En el desierto de Guiza, el Ministerio de Antigüedades egipcio ha presentado ayer las tumbas de los nuevos inquilinos de la necrópolis, Behen Wi Ka y Nuwi, dos sacerdotes de la V dinastía (2500-2350 a.C). "Al principio pensábamos que íbamos a encontrar tumbas del periodo tardío (s.VII a.C.), pero encontramos una tumba del Imperio Antiguo de Egipto, de la V dinastía.
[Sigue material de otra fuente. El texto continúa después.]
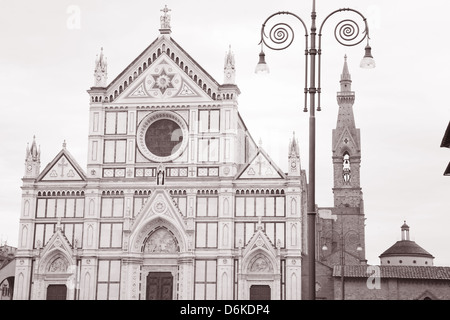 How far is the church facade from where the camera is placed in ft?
157

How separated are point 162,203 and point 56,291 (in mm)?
8723

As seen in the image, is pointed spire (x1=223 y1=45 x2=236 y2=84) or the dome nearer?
pointed spire (x1=223 y1=45 x2=236 y2=84)

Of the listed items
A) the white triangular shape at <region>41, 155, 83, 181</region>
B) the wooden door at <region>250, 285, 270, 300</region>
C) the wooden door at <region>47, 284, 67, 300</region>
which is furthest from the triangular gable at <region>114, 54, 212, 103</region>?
the wooden door at <region>47, 284, 67, 300</region>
Estamos hablando de una tumba de 4.400 años", dijo a EFE Mostafa Waziri, secretario general del Consejo Supremo de Antigüedades egipcio.
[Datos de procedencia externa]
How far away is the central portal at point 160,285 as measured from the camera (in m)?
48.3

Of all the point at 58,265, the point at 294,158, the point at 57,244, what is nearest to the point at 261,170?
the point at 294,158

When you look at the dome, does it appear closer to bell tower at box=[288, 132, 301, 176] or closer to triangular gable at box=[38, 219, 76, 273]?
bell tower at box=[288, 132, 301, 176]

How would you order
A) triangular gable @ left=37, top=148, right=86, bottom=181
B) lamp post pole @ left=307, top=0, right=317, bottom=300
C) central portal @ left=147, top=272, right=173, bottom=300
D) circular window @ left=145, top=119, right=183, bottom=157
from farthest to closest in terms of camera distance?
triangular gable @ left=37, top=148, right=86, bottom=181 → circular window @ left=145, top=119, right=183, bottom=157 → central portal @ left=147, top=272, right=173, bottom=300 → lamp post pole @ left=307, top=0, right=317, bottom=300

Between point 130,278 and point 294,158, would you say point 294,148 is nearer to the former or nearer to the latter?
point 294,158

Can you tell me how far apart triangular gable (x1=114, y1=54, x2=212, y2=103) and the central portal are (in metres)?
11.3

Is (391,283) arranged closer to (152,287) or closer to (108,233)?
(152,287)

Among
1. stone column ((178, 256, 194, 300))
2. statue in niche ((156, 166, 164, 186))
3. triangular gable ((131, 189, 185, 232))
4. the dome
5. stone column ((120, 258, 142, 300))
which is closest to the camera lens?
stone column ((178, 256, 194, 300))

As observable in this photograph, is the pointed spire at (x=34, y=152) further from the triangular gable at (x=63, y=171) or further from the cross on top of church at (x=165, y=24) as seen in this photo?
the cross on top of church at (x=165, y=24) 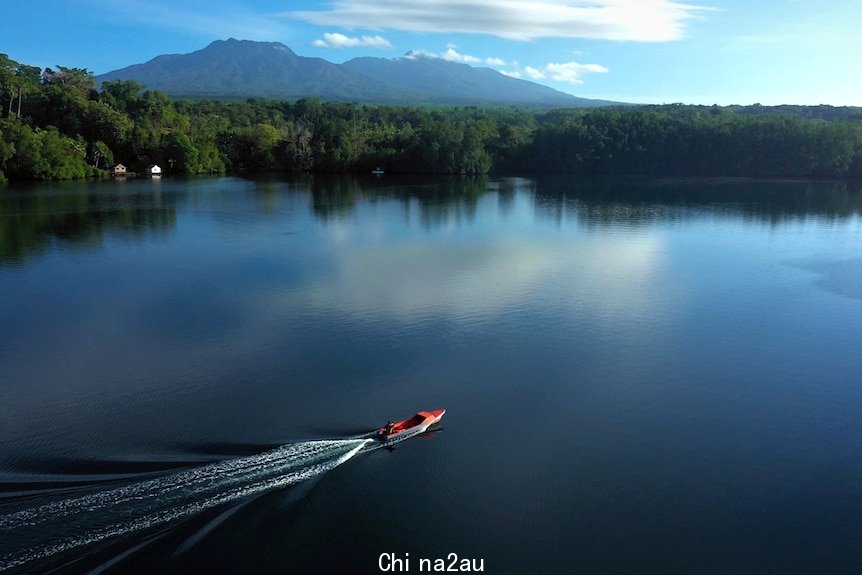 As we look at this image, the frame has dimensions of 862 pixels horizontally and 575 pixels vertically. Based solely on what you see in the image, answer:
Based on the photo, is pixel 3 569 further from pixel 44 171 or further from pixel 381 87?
pixel 381 87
Waziri explicó que la misión empezó en agosto de 2018 y, tras remover más de 450 metros cúbicos de escombros, descubrieron tres tumbas y, para su sorpresa, una de ellas repleta de sarcófagos de madera y fragmentos en perfecto estado de conservación pertenecientes a los dos sacerdotes de la V dinastía. Ambos fueron enterrados en la misma tumba: Behen Wi Ka ostentaba siete títulos y era el sacerdote de la purificación del faraón Kefrén, mientras que Nuwi tenía cinco títulos, entre ellos el de sacerdote de Maat, la diosa de la justicia y la verdad, de acuerdo con la mitología egipcia.